Bild: Zeynep war gewaltig – aber die Küstenschützer*innen bereiten sich auf…
taz: Frau Matelski, haben Sie dieses Wochenende durchgearbeitet?
Birgit Matelski: Ja, von Freitag auf Samstag schon. Selbst Montagnacht
saßen zwei Kollegen ab drei Uhr im Büro. Sie haben die Wasserstände
beobachtet.
Zeynep brachte die schwerste Sturmflut seit fast zehn Jahren. Wie haben
Westküste und Tideelbe das überstanden?
Zu keiner Zeit war ein Deich gefährdet, obwohl die Flut an einigen Stellen
die höchste in diesem Jahrhundert war. Das klingt dramatisch. Aber wir
Küstenschützer sehen das nüchterner: Eine Sturmflut gehört für uns zur
Routine. Und im Vergleich zu den Fluten, auf die wir uns vorbereiten, war
diese niedrig – in Anführungszeichen.
Auf welche Art von Sturmfluten bereiten Sie sich vor?
Auf unwahrscheinlich schwere. Solche, die statistisch gesehen nur einmal
in 200 Jahren auftreten. Ihre Höhe berechnen wir alle zehn Jahre neu, auf
Basis des aktuellen Wasserstands.
Bund und Länder gehen davon aus, dass der Meeresspiegel bis zum Ende des
Jahrhunderts um 61 bis 102 Zentimeter steigen wird. Was würde das bedeuten?
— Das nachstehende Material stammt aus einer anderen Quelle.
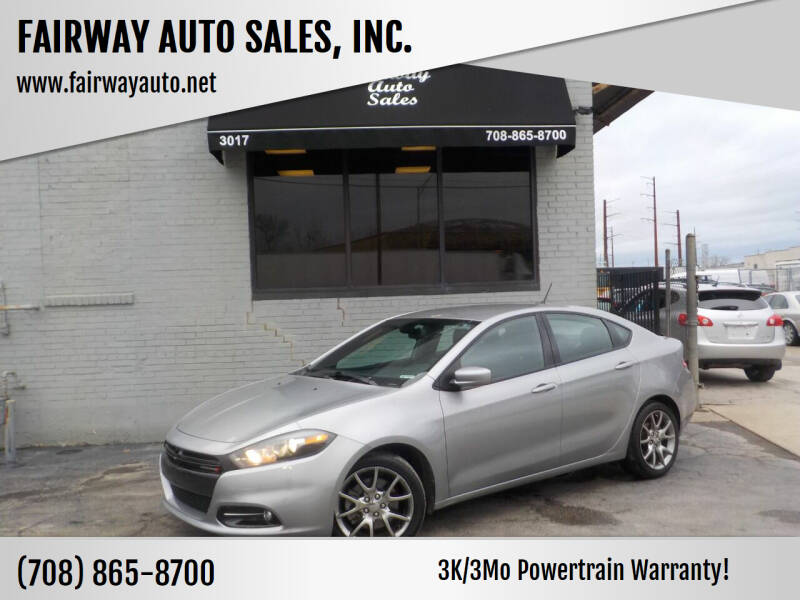 2015 Dodge Dart for sale at FAIRWAY AUTO SALES, INC. in Melrose Park IL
Wenn der Wasserspiegel steigt, laufen Sturmfluten höher auf. Auch ein
höherer Seegang ist dann möglich, Sturmfluten hätten mehr Energie. Das
bedeutet eine größere Belastung für die Deiche. An die passen wir sie an.
Wie?
Wesentlich sind die Höhe, die Breite und die Neigung eines Deichs. Es darf
nicht zu viel Wasser über den Deich laufen, denn auf der Binnenböschung ist
er am anfälligsten für Wellenschlag. Deshalb müssen die Wellen schon
vorher, auf der Außenseite gebrochen werden. Das erreicht man mit einer
flachen Außenböschung. An ihr läuft sich eine Welle sozusagen tot. Wir
bauen nun einige Landesschutzdeiche zu Klimadeichen aus. Die funktionieren
nach dem Baukasten-Prinzip. Man kann oben eine Kappe drauf setzen, die
einen Meter hoch ist. Wenn das nicht reicht, kann man die Außenböschung
weiter abflachen.
Wie viele Deiche müssen so ausgebaut werden?
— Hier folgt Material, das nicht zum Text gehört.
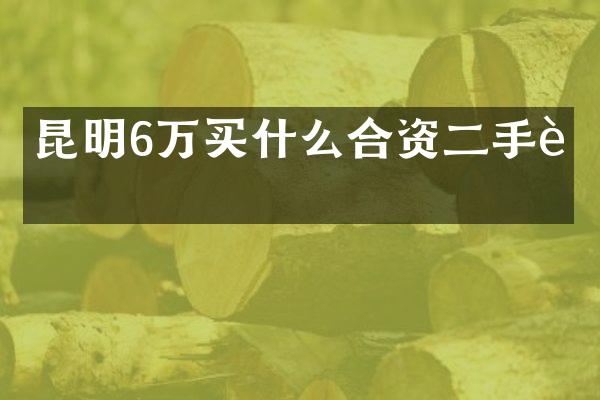 昆明6万合资二手车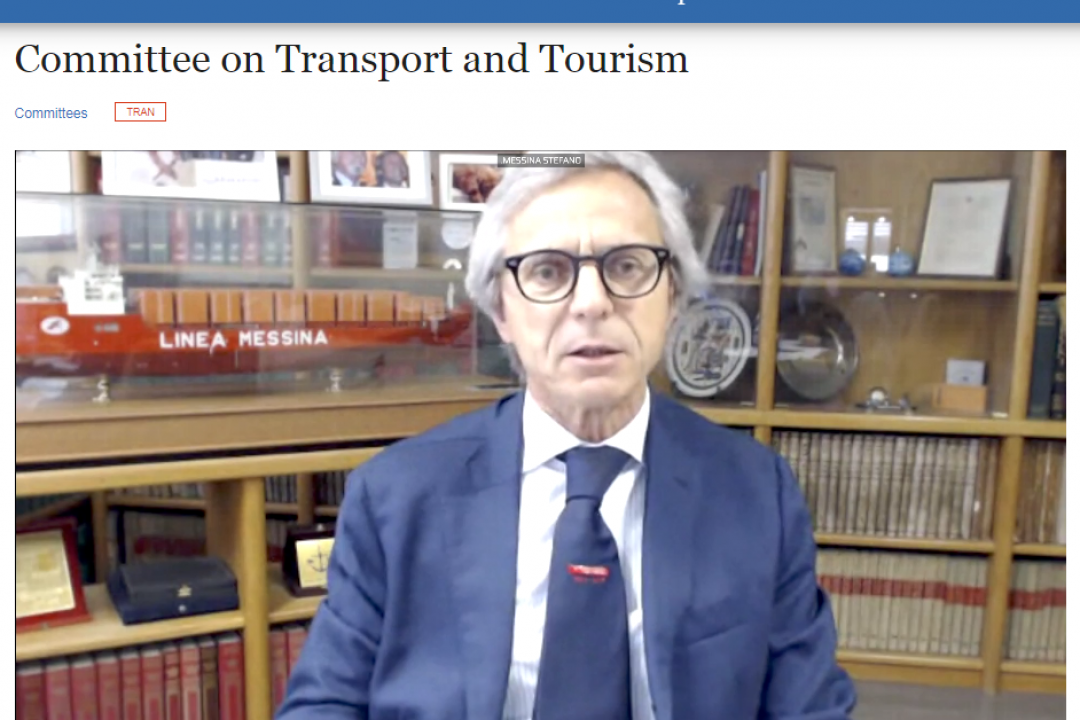 Potenziamento dei carburanti alternativi. Il presidente Messina ai lavori della Commissione Trasporti e Turismo del Parlamento Europeo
In Schleswig-Holstein haben wir 430 Kilometer Landesschutzdeiche. Wir haben
jeden Abschnitt geprüft, mit dem Ergebnis: Insgesamt 93 Kilometer müssen
verstärkt werden. Zwanzig Kilometer haben wir seit 2012 ausgebaut, es
bleiben also noch 73 Kilometer. Als nächstes sind zum Beispiel Maßnahmen
auf Eiderstedt und in Friedrichskoog geplant. Bis alles fertig ist, dauert
es bestimmt 30 Jahre.
Ist das noch rechtzeitig?
Auf jeden Fall. Laut Prognosen steigt der Meeresspiegel erst in der zweiten
Hälfte des Jahrhunderts rasanter an.
Welche Rollen spielen natürliche Elemente, etwa Salzwiesen, für den
Küstenschutz?
Salzwiesen bis zu 200 Meter vor der Küste nehmen Energie aus den Wellen und
schützen so die Deiche. Wo Vorland ist, müssen wir Deiche nicht ganz so
hoch bauen. Deshalb pflegen wir es. Ich würde aber noch weiter draußen
anfangen: beim Wattenmeer, dem sogenannten flächenhaften Küstenschutz. Ohne
das Watt hätten wir viel höhere Wasserstände und viel höhere Wellen.
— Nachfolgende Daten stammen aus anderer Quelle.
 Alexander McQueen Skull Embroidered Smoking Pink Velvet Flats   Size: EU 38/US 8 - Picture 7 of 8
Deshalb wollen wir es in seiner Größe und Höhe erhalten. Wie – darüber
denken wir gerade nach.
Durch Zeynep sind auch einige Dünen abgebrochen.
Ja. Wie schlimm diese Abbrüche sind, können wir noch nicht sagen. Für eine
Bilanz ist es zu früh. Grundsätzlich sind Vordünenabbrüche an den sandigen
Küsten kein Thema. Es wäre natürlich schön, wenn sie länger hielten, aber
dafür sind sie da: zum Verschleiß bei Sturmfluten. Sie lassen sich
wiederherstellen. Dafür nehmen wir Sand aus dem Meer, aus einer
Entnahmestelle westlich von Sylt. Der wird vor den Strand gespült. Außerdem
setzen wir Sandfangzäune aus Reisig, damit sich die Vordünen wieder
aufbauen können. Wenn Randdünen abbrechen, also Steilufer wie das Rote
Kliff auf Sylt, tut das mehr weh: Diese Dünen sind dann weg.
Der Küstenschutz kostet im Jahr zwischen 75 und 80 Millionen Euro. Wird das
in Zukunft noch mehr werden?
Das kann ich mir vorstellen. Wir kriegen Geld vom Bund, ein bisschen von
der EU und einiges vom Land. Da muss man sicherlich ran, wenn man sich an
den Klimawandel anpassen will.
Wie steht die Bevölkerung zum Küstenschutz und seinem Preis?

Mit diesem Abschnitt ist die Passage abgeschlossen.